This blog post is part two of a multi-post series about using the Citus extension with Percona Distribution for PostgreSQL. You can read part one here: Scalable Solutions With Percona Distribution for PostgreSQL: Set Up Three PostgreSQL Database Instances.

Citus is an open-source extension for PostgreSQL that expands its capacity to manage databases of varying scales, ranging from individual nodes to extensively distributed database clusters. Citus maintains seamless integration with PostgreSQL.

Citus has many advantages, one of which is the “Sharding Technique” and this is what we are going to explore in this blog post. We will use the “Sharding Technique” with Percona Distribution for PostgreSQL.

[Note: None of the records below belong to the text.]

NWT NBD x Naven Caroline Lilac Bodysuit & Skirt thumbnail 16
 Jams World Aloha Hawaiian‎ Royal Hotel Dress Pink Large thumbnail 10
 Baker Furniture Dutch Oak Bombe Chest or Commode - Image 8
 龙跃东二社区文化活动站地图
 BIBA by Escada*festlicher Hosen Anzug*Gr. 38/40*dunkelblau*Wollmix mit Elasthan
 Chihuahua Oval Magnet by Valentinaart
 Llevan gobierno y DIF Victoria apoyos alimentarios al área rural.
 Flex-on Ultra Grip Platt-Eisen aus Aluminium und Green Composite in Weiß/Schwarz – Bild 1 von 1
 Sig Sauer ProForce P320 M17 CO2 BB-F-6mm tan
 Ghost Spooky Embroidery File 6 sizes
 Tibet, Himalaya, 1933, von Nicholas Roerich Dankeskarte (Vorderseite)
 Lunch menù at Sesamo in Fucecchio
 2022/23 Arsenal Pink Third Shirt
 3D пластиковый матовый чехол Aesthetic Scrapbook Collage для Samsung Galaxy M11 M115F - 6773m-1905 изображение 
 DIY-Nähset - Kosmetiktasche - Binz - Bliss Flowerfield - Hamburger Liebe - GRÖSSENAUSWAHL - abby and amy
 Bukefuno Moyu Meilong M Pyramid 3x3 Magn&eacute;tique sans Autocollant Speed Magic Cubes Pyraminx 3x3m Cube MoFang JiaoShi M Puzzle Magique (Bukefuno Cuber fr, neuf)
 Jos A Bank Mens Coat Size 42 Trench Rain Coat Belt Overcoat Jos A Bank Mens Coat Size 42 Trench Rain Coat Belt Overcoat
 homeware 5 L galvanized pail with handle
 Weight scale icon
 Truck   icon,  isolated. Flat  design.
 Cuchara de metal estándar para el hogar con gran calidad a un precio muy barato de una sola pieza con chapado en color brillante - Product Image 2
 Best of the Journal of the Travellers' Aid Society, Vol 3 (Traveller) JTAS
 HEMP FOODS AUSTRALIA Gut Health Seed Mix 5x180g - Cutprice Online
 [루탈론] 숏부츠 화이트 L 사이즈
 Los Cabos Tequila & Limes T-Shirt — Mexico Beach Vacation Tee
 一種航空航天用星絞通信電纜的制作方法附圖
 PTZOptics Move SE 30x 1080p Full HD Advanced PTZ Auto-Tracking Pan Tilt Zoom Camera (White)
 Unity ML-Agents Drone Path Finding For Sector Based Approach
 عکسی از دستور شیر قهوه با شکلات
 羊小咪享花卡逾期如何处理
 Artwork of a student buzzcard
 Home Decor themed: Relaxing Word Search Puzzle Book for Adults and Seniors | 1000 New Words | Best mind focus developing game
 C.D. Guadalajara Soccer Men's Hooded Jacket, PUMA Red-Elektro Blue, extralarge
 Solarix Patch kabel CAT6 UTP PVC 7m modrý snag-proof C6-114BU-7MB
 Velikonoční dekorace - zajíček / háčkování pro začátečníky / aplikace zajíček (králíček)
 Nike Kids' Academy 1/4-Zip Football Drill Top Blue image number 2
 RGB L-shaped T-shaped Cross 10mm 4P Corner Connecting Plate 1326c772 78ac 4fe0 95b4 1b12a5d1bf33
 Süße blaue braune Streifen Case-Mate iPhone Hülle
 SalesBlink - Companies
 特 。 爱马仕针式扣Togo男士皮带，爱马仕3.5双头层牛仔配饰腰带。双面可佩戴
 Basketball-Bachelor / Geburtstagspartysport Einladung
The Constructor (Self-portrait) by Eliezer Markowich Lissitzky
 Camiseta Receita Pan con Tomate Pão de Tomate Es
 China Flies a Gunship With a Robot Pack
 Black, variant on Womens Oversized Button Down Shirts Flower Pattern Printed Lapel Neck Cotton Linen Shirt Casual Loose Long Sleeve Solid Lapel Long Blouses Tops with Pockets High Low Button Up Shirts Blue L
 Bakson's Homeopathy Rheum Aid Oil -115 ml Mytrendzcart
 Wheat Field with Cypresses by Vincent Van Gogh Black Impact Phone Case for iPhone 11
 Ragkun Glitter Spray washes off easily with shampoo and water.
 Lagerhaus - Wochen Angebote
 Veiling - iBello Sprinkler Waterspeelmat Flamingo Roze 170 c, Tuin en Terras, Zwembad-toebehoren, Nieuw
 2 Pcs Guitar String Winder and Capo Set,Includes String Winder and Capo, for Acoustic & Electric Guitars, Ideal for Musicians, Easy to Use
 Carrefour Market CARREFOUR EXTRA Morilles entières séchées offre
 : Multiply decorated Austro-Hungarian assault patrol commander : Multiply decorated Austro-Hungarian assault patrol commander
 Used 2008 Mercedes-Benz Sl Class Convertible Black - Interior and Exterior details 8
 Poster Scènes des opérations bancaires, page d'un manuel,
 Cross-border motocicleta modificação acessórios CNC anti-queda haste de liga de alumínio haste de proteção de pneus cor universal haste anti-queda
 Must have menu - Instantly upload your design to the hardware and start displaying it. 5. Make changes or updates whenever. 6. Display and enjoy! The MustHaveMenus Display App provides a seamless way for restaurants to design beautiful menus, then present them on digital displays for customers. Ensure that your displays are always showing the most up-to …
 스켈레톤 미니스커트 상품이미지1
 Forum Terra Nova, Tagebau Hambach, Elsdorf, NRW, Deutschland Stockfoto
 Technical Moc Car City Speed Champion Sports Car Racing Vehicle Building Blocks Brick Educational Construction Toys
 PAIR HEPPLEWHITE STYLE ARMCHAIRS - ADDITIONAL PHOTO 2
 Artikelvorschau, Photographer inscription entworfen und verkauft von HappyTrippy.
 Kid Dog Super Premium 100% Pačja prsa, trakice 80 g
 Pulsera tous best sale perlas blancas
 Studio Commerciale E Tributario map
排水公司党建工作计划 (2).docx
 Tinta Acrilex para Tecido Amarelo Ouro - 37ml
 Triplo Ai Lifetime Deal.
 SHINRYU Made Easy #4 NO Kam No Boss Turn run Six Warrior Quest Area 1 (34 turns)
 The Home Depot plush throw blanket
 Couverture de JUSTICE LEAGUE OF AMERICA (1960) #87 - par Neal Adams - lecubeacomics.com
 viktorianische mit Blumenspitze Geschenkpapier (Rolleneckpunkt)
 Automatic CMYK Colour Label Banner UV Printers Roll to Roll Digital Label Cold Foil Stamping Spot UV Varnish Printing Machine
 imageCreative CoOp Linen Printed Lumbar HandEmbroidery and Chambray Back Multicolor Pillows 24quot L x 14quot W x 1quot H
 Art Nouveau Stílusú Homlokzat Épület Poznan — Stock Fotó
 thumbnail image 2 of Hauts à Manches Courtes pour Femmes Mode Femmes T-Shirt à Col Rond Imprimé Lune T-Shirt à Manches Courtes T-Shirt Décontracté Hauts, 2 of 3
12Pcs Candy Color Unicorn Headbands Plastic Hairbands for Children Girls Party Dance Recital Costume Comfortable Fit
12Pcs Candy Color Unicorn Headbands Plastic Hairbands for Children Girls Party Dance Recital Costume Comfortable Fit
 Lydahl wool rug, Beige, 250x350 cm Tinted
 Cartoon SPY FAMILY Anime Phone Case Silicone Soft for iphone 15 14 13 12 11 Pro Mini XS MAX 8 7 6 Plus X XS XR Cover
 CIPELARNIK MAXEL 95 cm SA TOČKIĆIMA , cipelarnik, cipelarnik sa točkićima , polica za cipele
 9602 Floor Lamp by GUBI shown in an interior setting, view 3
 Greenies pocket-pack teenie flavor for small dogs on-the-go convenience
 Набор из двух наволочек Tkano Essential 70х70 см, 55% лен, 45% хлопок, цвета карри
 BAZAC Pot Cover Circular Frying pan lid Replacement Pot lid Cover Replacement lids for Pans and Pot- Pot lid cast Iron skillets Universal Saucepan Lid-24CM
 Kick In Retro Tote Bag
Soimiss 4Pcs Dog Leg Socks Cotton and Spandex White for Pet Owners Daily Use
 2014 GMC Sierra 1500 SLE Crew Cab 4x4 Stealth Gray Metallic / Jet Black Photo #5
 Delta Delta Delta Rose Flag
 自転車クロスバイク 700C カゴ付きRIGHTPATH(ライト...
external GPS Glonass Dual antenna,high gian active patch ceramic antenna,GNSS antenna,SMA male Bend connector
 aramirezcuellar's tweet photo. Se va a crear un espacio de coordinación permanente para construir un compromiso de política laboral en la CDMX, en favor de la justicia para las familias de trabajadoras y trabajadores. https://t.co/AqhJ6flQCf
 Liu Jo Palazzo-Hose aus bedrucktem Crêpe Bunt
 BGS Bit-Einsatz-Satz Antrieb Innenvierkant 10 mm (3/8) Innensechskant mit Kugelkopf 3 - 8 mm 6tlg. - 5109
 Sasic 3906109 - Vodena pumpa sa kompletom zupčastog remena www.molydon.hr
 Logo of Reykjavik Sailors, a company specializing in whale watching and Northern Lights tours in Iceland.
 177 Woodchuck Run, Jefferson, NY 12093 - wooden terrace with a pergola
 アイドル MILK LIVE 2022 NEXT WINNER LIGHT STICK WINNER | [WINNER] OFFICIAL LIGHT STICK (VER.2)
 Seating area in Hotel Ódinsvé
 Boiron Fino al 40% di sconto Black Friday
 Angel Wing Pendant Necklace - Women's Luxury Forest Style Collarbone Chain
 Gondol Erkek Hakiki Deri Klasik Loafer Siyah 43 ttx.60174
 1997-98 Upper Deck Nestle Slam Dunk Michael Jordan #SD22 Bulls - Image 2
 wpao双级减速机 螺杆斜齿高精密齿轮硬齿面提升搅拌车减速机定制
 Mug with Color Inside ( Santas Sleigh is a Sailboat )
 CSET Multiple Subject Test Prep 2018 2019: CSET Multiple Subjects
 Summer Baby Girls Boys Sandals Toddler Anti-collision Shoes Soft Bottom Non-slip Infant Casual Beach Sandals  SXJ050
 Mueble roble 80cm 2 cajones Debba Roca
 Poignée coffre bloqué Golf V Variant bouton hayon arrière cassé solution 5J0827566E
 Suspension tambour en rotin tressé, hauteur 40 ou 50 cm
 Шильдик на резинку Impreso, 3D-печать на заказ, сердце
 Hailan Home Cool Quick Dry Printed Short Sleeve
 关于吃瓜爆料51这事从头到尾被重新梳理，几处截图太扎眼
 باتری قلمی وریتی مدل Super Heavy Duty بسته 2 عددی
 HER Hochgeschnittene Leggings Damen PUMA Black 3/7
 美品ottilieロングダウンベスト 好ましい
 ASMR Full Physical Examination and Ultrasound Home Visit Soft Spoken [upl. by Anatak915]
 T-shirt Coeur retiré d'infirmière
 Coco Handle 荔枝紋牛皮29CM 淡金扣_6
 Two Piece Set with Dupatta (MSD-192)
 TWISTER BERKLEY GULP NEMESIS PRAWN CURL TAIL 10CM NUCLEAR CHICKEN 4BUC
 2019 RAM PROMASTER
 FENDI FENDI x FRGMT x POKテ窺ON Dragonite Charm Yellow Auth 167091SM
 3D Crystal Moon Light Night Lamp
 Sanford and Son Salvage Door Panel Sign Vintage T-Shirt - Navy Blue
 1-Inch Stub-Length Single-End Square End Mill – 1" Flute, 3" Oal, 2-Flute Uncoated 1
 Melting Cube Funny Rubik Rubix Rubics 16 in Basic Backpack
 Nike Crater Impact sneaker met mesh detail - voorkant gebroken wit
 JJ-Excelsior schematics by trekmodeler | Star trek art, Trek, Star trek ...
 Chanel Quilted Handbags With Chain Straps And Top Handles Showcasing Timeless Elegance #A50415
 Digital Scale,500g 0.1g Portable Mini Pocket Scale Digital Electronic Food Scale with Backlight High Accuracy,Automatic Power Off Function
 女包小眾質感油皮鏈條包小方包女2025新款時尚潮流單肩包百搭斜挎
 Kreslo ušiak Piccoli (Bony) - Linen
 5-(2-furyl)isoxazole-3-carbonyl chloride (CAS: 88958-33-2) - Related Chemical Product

This is how Citus defines sharding: “Sharding is a technique used in database systems and distributed computing to horizontally partition data across multiple servers or nodes. It involves breaking up a large database or dataset into smaller, more manageable parts called Shards. Each shard contains a subset of the data, and together, they form the complete dataset.”

postgresql sharding

Citus official website. “Distribute Tables”, URL

There are three types of tables in a Citus cluster, each serving a distinct purpose. We will be utilizing the Distributed Tables type.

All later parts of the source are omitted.